A.W. filed a due process hearing request with the New Jersey Department of
Education to pursue special education services for S.W. Shortly before a scheduled
mediation, A.W.’s consultant and the School District’s attorney discussed special
education services for S.W. An Individualized Education Plan (“IEP”) was developed for
S.W. and implemented.
In her motion, A.W. sought to recover $22,725.00 in fees and costs charged by the
consultant for her services. The District Court denied the motion, and this appeal
followed. We have jurisdiction pursuant to 28 U.S.C. § 1291. We review the District
Court’s order for an abuse of discretion. John T. v. The Delaware County Intermediate
Unit, 318 F.3d 545, 551-52 (3d Cir. 2003).
Under the IDEA, the District Court is authorized to award reasonable attorneys’
fees as part of the costs to the parents of a child with a disability who is a prevailing party.
2
20 U.S.C. § 1415(i)(3)(B); John T., 318 F.3d at 555. As recognized by the District Court,
a “prevailing party” must be successful in the sense that it has been awarded some relief
by a court.

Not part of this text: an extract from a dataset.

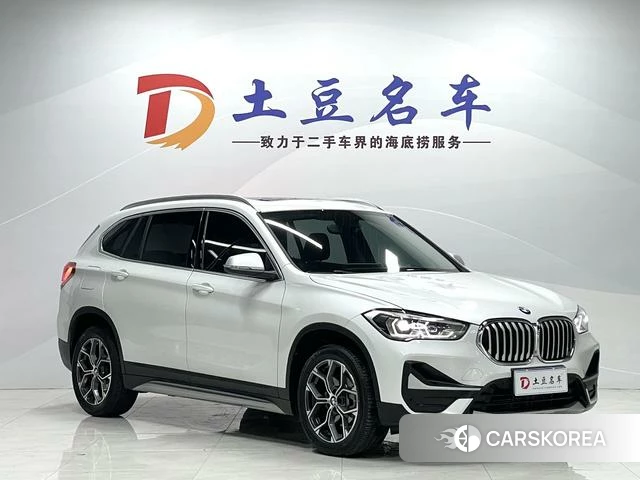 BMW X1 id 4359335 из Китая 20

John T., 318 F.3d at 556 (citing Buckhannon Bd. and Care Home, Inc. v.
West Virginia Dep’t of Health and Human Res., 532 U.S. 598, 603-04 (2001)). Although
a party benefitting from a settlement agreement could be a prevailing party, the change in
the legal relationship must be in some way judicially sanctioned. Id. We have found a
stipulated settlement judicially sanctioned where it (1) contained mandatory language; (2)

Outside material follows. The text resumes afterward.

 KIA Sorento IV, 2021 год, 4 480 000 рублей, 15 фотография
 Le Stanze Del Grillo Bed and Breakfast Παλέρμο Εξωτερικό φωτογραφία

was entitled “Order;” (3) bore the signature of the District Court judge; and (4) provided
for judicial enforcement. Id. at 558. See also P.N. v. Clementon Bd. of Educ., 442 F.3d
848, 853-55 (3d Cir. 2006) (holding consent orders were judicially sanctioned).
Under this authority, A.W. is not a prevailing party by virtue of having obtained an
acceptable IEP. John T., 318 F.3d at 560. As in John T., A.W. and the School District
developed the IEP through negotiations out of court, and no court has endorsed the
agreement with a judicial imprimatur. Id. Thus, the District Court did not err in denying
A.W.’s motion.
Moreover, even if A.W. could be considered a prevailing party, the fee-shifting
provision does not authorize a prevailing parent to recover fees for services rendered by
an expert educational consultant in IDEA proceedings. Arlington Cent. Sch. Dist. Bd. of
Educ. v. Murphy, 126 S. Ct. 2455, 2457-58 (2006). The fee-shifting provision authorizes
the recovery of reasonable attorneys’ fees and other enumerated costs. Id. at 2460.
3
A.W.’s consultant was not an attorney.
Accordingly, we will affirm the order of the District Court.